Silas brachte die Teller in die Küche, wo er sie in die Spüle stellte. Ich trank derweil mein Glas leer, stieß die Decke von meinem nun warmen Körper und erhob mich auch von der bequemen Couch.

"Ich... gehe schlafen, Silas."
"Jetzt schon?", fragte der Angesprochene überrascht aus dem anderen Raum des Hauses. "Es ist doch erst Viertel vor neun."
"Ja, aber ich bin müde." Ich zuckte mit den Schultern. Das musste noch am Tagesrhythmus aus dem Gefängnis liegen, denn normalerweise läge ich jetzt schon auf meinem Bett und würde darauf warten, dass das Licht ausgemacht werden würde.

"Achso, okay. Ich werde noch in meinem Arbeitszimmer sein, wenn etwas ist", sagte er lächelnd, als er aus der Küche kam und mit einer Hand in die Richtung des besagten Zimmers deutete.
"Na dann... gute Nacht, Alex."

"Gute Nacht." Darauf verschwand ich erst für eine Viertelstunde im Badezimmer und im Anschluss in meinem Zimmer, wo ich meine verschiedenen Tabletten schluckte und mir die gemütlichen Sachen von vorheriger Nacht anzog, die ich sowieso nur zum Schlafen nahm.

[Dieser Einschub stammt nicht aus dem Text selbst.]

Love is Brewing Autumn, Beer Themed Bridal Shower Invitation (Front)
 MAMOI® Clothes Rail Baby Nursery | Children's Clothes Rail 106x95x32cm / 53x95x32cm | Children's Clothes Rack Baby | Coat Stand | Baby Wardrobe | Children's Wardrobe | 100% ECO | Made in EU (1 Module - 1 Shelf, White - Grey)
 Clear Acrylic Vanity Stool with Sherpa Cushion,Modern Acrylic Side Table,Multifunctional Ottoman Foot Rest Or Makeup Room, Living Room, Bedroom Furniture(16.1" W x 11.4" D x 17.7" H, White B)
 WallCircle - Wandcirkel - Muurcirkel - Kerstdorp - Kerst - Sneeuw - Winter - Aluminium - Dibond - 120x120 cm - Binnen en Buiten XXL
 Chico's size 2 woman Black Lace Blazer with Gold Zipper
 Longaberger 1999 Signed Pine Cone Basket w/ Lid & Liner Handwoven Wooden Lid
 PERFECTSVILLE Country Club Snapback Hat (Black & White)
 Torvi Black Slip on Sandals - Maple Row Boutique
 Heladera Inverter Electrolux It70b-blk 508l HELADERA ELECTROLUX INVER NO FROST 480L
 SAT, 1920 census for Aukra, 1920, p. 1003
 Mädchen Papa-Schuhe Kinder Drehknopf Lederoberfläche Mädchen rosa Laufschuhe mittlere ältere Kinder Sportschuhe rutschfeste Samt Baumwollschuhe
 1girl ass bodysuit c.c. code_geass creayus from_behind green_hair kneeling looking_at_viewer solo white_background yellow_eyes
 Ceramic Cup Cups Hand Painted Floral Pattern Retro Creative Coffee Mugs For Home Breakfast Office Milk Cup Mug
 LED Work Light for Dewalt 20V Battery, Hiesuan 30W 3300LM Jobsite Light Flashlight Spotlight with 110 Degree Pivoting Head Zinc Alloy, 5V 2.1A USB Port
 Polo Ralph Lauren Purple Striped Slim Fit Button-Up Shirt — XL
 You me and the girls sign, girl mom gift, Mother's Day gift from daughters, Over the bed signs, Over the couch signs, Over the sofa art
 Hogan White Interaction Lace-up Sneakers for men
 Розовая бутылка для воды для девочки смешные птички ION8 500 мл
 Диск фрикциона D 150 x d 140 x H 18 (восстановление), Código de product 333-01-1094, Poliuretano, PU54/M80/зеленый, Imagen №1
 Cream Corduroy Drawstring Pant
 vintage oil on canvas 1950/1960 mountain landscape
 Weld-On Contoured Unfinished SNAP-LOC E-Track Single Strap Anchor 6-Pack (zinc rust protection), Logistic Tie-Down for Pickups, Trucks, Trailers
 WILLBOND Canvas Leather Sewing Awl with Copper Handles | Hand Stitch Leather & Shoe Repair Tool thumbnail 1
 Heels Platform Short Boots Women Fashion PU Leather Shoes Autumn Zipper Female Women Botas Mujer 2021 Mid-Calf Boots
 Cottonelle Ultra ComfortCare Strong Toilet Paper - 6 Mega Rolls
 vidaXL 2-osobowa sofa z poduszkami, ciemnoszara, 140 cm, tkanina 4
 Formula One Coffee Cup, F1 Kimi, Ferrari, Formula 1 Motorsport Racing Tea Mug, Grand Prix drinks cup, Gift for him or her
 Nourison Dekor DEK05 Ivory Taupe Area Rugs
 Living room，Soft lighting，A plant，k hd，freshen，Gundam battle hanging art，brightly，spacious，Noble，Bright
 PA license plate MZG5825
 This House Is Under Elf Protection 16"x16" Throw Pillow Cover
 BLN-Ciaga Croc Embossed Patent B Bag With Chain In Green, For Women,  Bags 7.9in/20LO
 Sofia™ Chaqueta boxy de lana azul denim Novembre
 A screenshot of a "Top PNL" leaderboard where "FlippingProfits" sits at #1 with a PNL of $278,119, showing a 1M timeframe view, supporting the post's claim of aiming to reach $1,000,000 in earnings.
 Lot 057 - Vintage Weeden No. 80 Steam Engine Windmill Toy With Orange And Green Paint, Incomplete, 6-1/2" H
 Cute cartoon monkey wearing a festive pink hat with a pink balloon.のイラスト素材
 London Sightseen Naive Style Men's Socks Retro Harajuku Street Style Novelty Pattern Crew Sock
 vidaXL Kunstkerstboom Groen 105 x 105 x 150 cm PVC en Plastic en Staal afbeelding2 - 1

Ich holte mir anschließend ein Buch aus dem Regal und legte mich damit ins Bett. Nach einiger Zeit des Lesens, hörte ich Silas seine Schritte auf dem Flur und war mir sicher, dass er jetzt auch schlafen würde. Also machte ich meine Nachttischlampe aus, legte das Buch daneben und drehte mich auf die Seite, um eine geeignete Position zu finden. Es dauerte nicht lange, bis ich schließlich schlief.